- Location: Gulbene, Latvia
- Date: February 22, 1999 12:00 - 1:30 p.m. (EET)
- Attack type: Mass stabbing
- Weapons: Meat cleaver; Knife; Axe;
- Deaths: 4
- Injured: 1
- Perpetrator: Alexander Koryakov
- Motive: Notoriety

= Gulbene kindergarten massacre =

Infamous attack and worst mass murder in Latvian history

On 22 February 1999, at a kindergarten in Gulbene, Latvia, three young girls and a teacher were killed, and a nurse was injured when a 19-year-old man, Alexander Koryakov, entered the school armed with a knife and a cleaver during the children's midday nap. The suspect, Alexander Koryakov was a 19-year-old unemployed man from the Gulbene area. He had reportedly been inquiring about the kindergarten's security measures in the days leading up to the attack, raising suspicions among staff.

Koryakov reportedly committed the attack to gain notoriety and had premeditated the murders.

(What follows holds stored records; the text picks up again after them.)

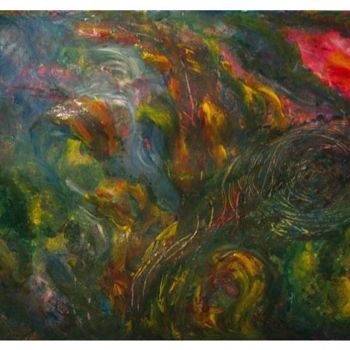 Картина под названием "Dancing Galaxy, abs…" - Liza Peninon, Подлинное произведение искусства, Акрил
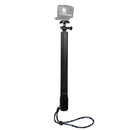 PULUZ Waterproof Aluminum Alloy Extendable Handheld Selfie Stick Monopod with Quick Release Base & Long Screw & Lanyard forGoPro HERO10 Black / HERO9 Black / HERO8 Black / HERO7 /6 /5 /5 Session /4 Se ... o Action and Other Action Cameras, Length: 38-97cm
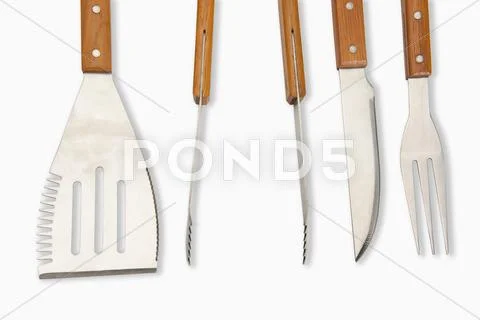 Assorted kitchen utensils Stock Photos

He was later sentenced to life imprisonment.

==Attack==
On 22 February 1999, a 19-year-old man named Alexander Koryakov entered the Gulbene kindergarten during the children's midday nap period, around 12:00–1:00 p.m.

Koryakov was armed with a knife and a cleaver and attacked the sleeping children and a teacher. Three girls aged approximately 4–6 and a teacher were killed, receiving a total of 39 stab and chop wounds. A nurse was injured but survived while attempting to intervene.

According to Koryakov's own statement, the attack was premeditated and motivated by a desire to gain notoriety.

==Victims==

The attack claimed the lives of three young girls and one teacher. According to Latvian retrospectives:

- Viktorija Rožina (4 years old)
- Olga Kazačenoka (5 years old)
- Anastasija Černova (6 years old)
- Anželika Žvīgure, teacher (31 years old)

A nurse present in the room was also injured while attempting to protect the children, but survived the attack.

==Aftermath==
The killings shocked Latvia and prompted a national discussion on school safety. The government approved emergency funds to assist the town with funeral and condolence expenses. President Guntis Ulmanis publicly condemned the murders, calling them among the worst acts of violence in recent Latvian memory.

The tragedy led to renewed attention on security measures in kindergartens and schools, including better supervision during nap times and stricter access controls to prevent unauthorized individuals from entering.

==Trial==
Koryakov was arrested immediately after the attack as he attempted to flee the area.

The trial began on 29 November 1999 at the Vidzeme District Court. Koryakov admitted to planning and committing the murders, and was found criminally responsible. On 7 December 1999, he was sentenced to life imprisonment in accordance with Latvian law.

During the trial, prosecutors emphasized the premeditated nature of the attack and the extreme brutality of the crimes, which caused widespread shock in Latvia and prompted a national discussion on school safety.

As of 2019, Koryakov was still serving his life sentence and had only ever received one interview in prison, the host of which refused to release it publicly so as to avoid letting him achieve his goal of gaining infamy.